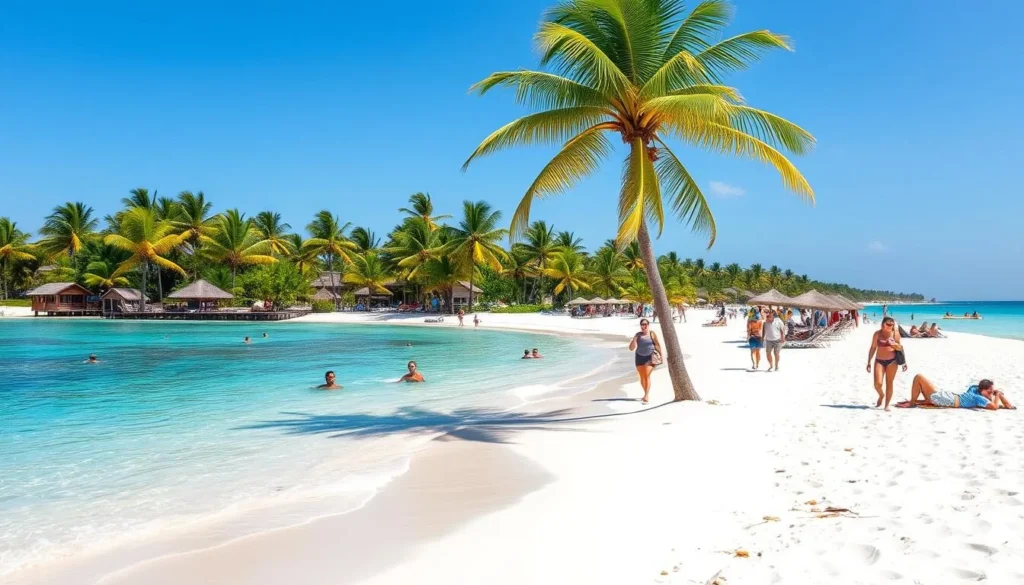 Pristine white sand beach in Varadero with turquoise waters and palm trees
--
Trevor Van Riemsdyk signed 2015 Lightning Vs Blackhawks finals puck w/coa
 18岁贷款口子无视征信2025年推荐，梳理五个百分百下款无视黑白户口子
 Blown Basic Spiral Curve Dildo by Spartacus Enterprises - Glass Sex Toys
==
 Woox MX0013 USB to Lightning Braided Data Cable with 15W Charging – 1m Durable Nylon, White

## Work to complete:
Pull every line with the string "Lightning" out of the material.

## Your response:
Trevor Van Riemsdyk signed 2015 Lightning Vs Blackhawks finals puck w/coa
 Woox MX0013 USB to Lightning Braided Data Cable with 15W Charging – 1m Durable Nylon, White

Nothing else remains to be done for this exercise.